Twitter is pushing back against billionaire Elon Musk’s allegations that the company “hoodwinked” him into signing a $44 billion deal to purchase the social media platform.
Musk, who’s trying to back out of the deal, filed a countersuit against Twitter last week in Delaware’s Court of Chancery. In July, Twitter sued Musk to enforce the merger agreement and alleged that the billionaire is trying to get out of acquiring the company because his personal wealth has fallen and the purchase has thus become more expensive.
Musk alleges that Twitter failed to provide him information to verify that fewer than 5% of Twitter’s more than 220 million daily users were spam-focused or fake, an important metric for understanding Twitter’s ads business. The billionaire claims Twitter misrepresented or omitted information that would shed light on the company’s value.

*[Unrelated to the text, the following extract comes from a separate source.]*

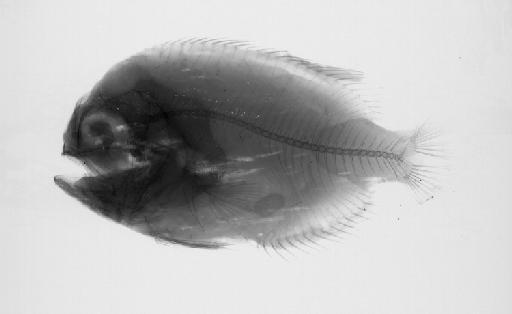 Platyberyx opalescens Zugmayer, 1911 - BMNH 1998.8.9.18619, Platyberyx opalescens, radiograph2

In a 127-page legal filing in response to Musk’s allegations, Twitter called Musk’s claims “implausible and contrary to fact as it sounds.” Twitter shared the document publicly in a tweet on Thursday, escalating its legal feud with the billionaire.

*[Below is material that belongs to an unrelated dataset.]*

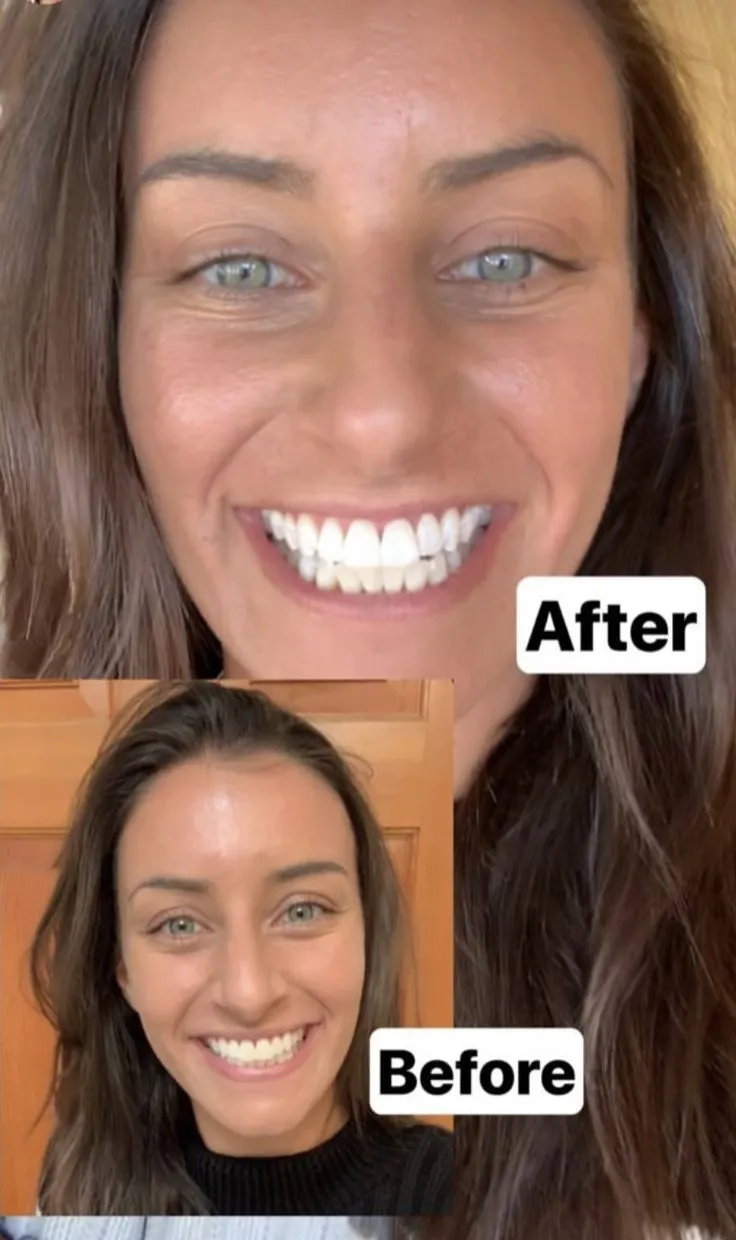 29996 teeth stains removal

“When Twitter sued to enforce its rights and exposed the weakness of those reasons, Musk spent weeks coming up with more supposed reasons — the Counterclaims — which offer up an entirely new set of excuses for his breach. The Counterclaims are a made-for-litigation tale that is contradicted by the evidence and common sense,” the legal filing says.
Twitter said it never misled Musk because the company had already disclosed there were limitations to its estimates of spam or fake accounts and that the number could be higher. Musk claims that the number of spam or fake accounts is at least 10%, but Twitter said “Musk is not measuring the same thing as Twitter or even using the same data as Twitter.”
Musk lawyer Mike Ringler didn’t immediately respond to a request for comment.